What do you mean by "cache keeps faulting?" Do you mean page faults? At what rate? Is it continuous or intermittent?

And why in the world would you expect chkdsk to do anything about it? It logical integrity of the file system. That would have exactly nothing to do with page faults.

BTW: Your writing is almost as hard to decipher as PSP's.
 

$tinkle

Expert on blowing
Feb 12, 2003
14,591
6
pages stored on cache; pages fault; re-retrieve them from disk, defeating the purpose of cache. happens pretty much a lot. so much so that i notice.

i expect chkdsk to do what it advertises: repair/remove bad sectors so that schyte doesn't get retrieved from disk as frequently.

which psp? paintshop pro or the handheld thingie?
 
Pinkshirtphotos.

Page faulting is a perfectly normal process; it's part of the guts of virtual memory management.

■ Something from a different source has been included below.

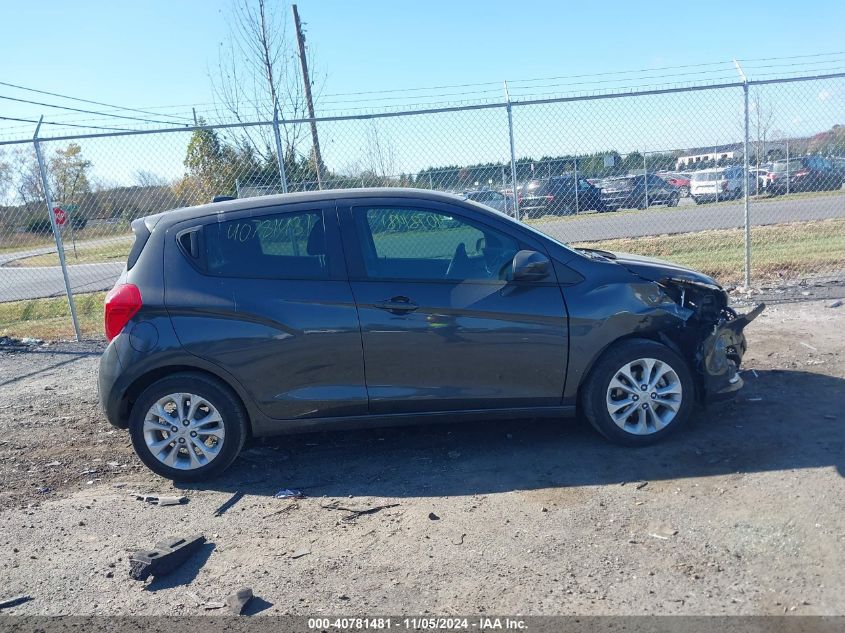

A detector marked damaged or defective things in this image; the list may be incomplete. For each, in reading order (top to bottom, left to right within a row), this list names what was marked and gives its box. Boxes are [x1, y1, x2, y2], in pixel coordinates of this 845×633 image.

damaged front end of car [656, 278, 768, 400]
crumpled front fender [700, 302, 764, 400]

Exactly what got you started on this line of investigation, are you hearing the disk make noise? Have you used perfmon to measure the behavior?

High page fault rates are more liable to be due to not enough memory than what you're hypothesizing.
 

syadasti

i heart mac
Apr 15, 2002
12,690
290
VT
running chkdsk on my drive that had bad sectors made it unreadable.
chkdsk works fine a majority of the time. I've used it to recover plenty of hard drive corruptions.

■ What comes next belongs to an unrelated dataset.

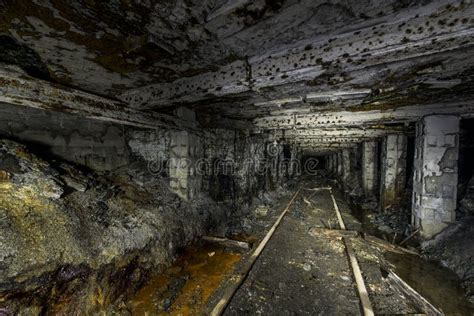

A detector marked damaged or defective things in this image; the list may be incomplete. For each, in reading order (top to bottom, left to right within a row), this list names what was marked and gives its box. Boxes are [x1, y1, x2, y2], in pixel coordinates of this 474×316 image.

broken wood piece [362, 235, 418, 256]
orange rust stain [129, 243, 241, 314]
broken wood piece [386, 270, 444, 314]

$tinkle - try setting your virtual memory to a static value (min/max are the same). You can turn off the indexing service your HDD - right click on the drive and uncheck the box. You can turn-off System Restore under System and disable the service too. Lastly, how fragmented is your HDD?
 

nmr8

Monkey
Apr 6, 2007
108
0
fragmentation and bad sectors, wouldn't affect cache performance. i'd bet dollars to donuts your problem is either with the indexing service or a p2p program running in the background. these kinds of apps don't have a big memory footprint but their working set can be HUGE. for me edonkey would always, no matter how little data it was receiving, cause windows to page every other piece of memory to disk.
 

syadasti

i heart mac
Apr 15, 2002
12,690
290
VT
fragmentation and bad sectors, wouldn't affect cache performance. i'd bet dollars to donuts your problem is either with the indexing service or a p2p program running in the background. these kinds of apps don't have a big memory footprint but their working set can be HUGE. for me edonkey would always, no matter how little data it was receiving, cause windows to page every other piece of memory to disk.
I was comment on narlus comment about chkdsk - its still a useful a majority of the time for bad sectors.

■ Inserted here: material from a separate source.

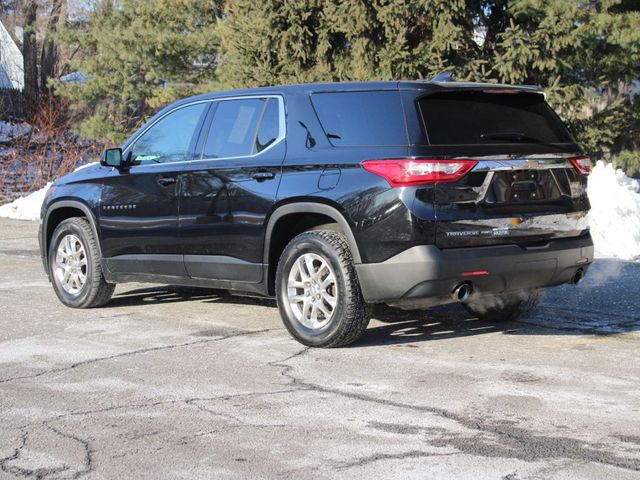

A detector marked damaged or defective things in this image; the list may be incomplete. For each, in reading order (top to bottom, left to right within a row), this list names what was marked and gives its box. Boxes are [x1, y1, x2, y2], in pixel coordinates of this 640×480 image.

cracked asphalt [0, 218, 636, 480]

I know not all those things relate to cache performance but they can still speed up XP.

Another few are turning off sounds and turning off visual effects under system>advanced
 

$tinkle

Expert on blowing
Feb 12, 2003
14,591
6
Page faulting is a perfectly normal process; it's part of the guts of virtual memory management. Exactly what got you started on this line of investigation, are you hearing the disk make noise? Have you used perfmon to measure the behavior?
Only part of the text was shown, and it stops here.